5.3 The Tidyverse

The Tidyverse is an ecosystem of R packages designed for data science that share a coherent design philosophy (Wickham et al. 2019). Understanding this philosophy — not just the individual functions — is what makes the tidyverse approach powerful and transferable.

5.3.1 Design Philosophy

The tidyverse is built around several key principles:

Compose simple operations. Rather than building monolithic functions that do everything at once, tidyverse functions each do one thing well. Complex transformations are expressed by chaining simple operations together with the pipe operator (|>). This makes code easier to write, read, and debug — you can inspect the result at any point in the chain.

Consistency across packages. Tidyverse packages share naming conventions, argument patterns, and data structures. Once you learn how dplyr::filter() works, you can predict how other tidyverse functions will behave. The first argument is always the data, functions are named as verbs that describe what they do, and output is always a data frame.

Tidy data as the common currency. All tidyverse tools expect tidy input and produce tidy output. This means you spend less time converting between formats and more time on analysis.

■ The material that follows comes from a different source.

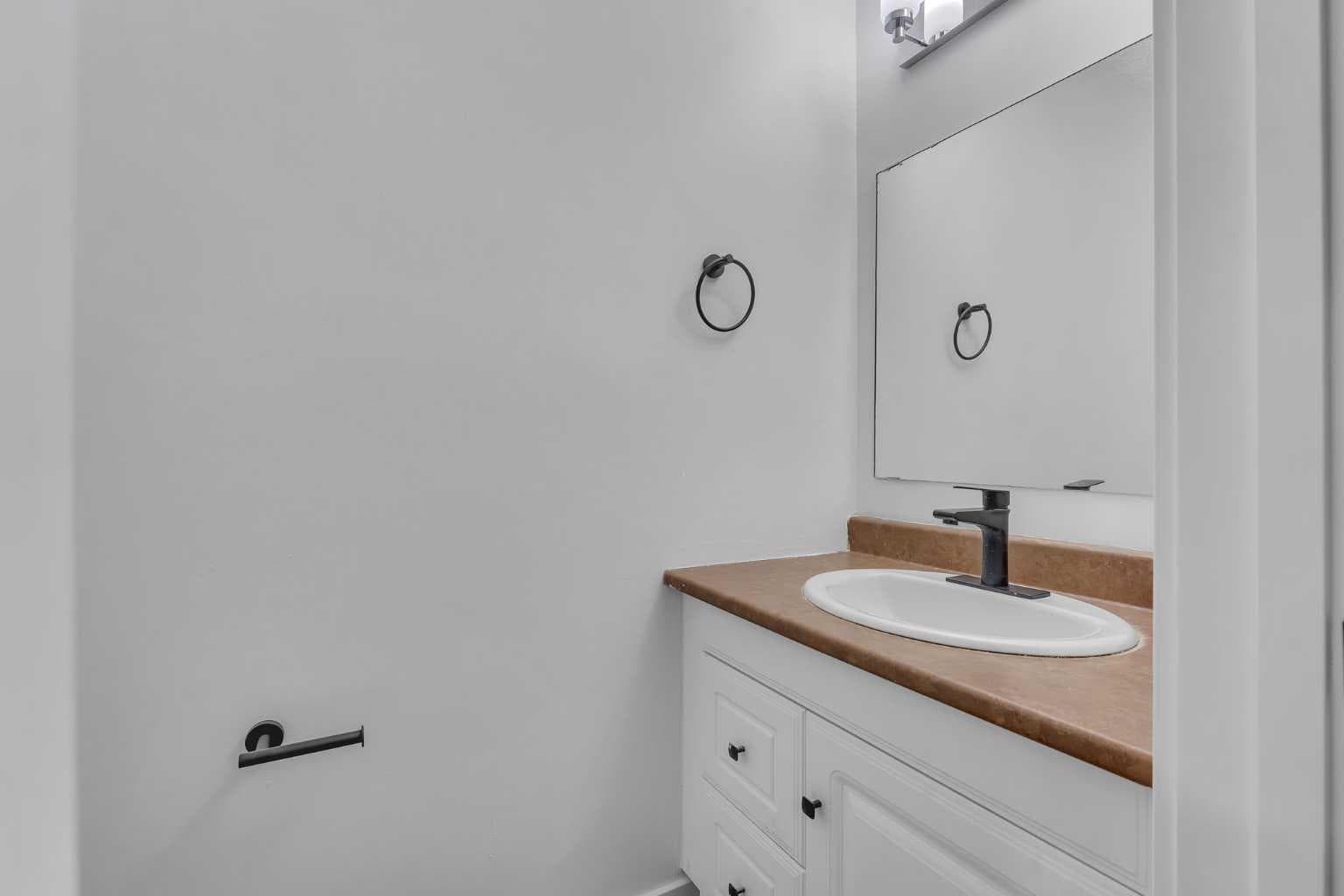 429 Georgian Villas NE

The tidy data principles covered in the previous section are the structural foundation that makes this possible.

Human-readable code. Tidyverse code is designed to read like a description of what it does. A pipeline like data |> filter(age > 30) |> group_by(department) |> summarize(avg_salary = mean(salary)) reads almost like English: “take the data, keep rows where age is over 30, group by department, and compute the average salary.” This readability is critical in professional BI settings where code must be reviewed, maintained, and trusted by others.

5.3.2 Core Packages

The tidyverse includes many packages, but this chapter focuses on the core tools for data preparation:

Package Purpose Key Functions
dplyr Data manipulation filter(), select(), mutate(), summarize(), group_by(), *_join()
tidyr Reshaping data pivot_longer(), pivot_wider()
readr Importing flat files read_csv(), read_delim(), read_tsv()
ggplot2 Visualization Covered in Chapter 7
stringr String manipulation str_replace(), str_detect(), str_to_lower()
forcats Factor handling fct_relevel(), fct_recode(), fct_lump()

Additional packages like lubridate (dates and times), purrr (functional programming), and tibble (enhanced data frames) round out the ecosystem. You do not need to memorize all of these — the key point is that they work together seamlessly because they share the same design philosophy.

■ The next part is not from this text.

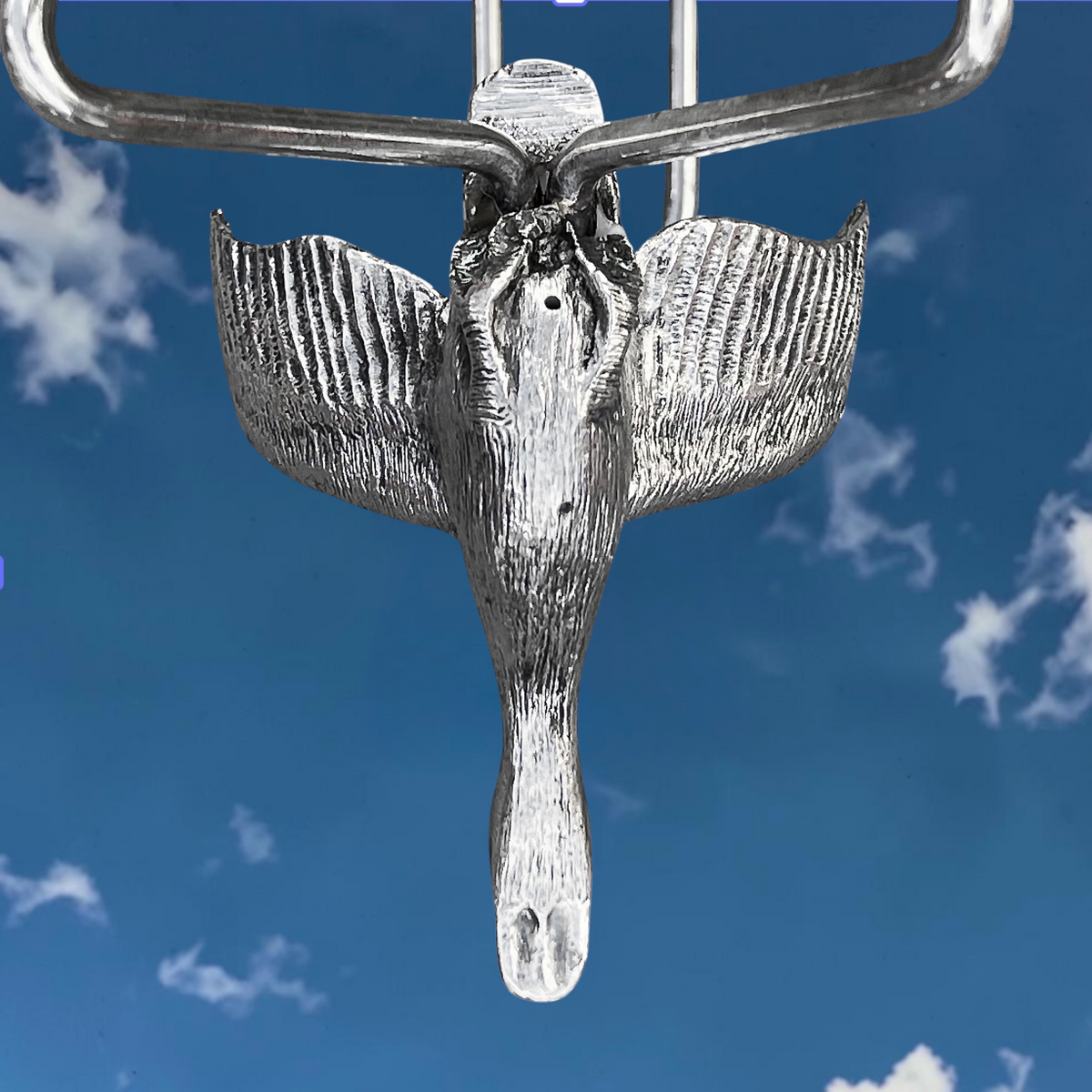 Porte-Bouteille en Métal Argenté à Décor d’Oie en Vol – Années 70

5.3.3 Loading the Tidyverse

We load the tidyverse with pacman, as introduced in Chapter 3:

if (!require("pacman")) install.packages("pacman")
pacman::p_load("tidyverse")

This single call loads the core tidyverse packages. You will see a startup message listing which packages were loaded and any function name conflicts with base R — this is normal and can be ignored.

5.3.4 Importing Data with readr

The first step in most analyses is importing data from an external file. The readr package provides fast, consistent functions for reading flat files:

# Read a comma-separated file
data <- read_csv("data/my_dataset.csv")

# Read a file with a different delimiter (e.g., semicolons)
data <- read_delim("data/my_dataset.csv", delim = ";")

read_csv() and read_delim() automatically detect column types, handle quoted strings, and parse dates. They also produce a “tibble” — the tidyverse’s enhanced data frame — and print a column specification message showing how each column was parsed. In Chapter 6, we use read_delim() to load the Absenteeism at Work dataset, which uses semicolons as delimiters.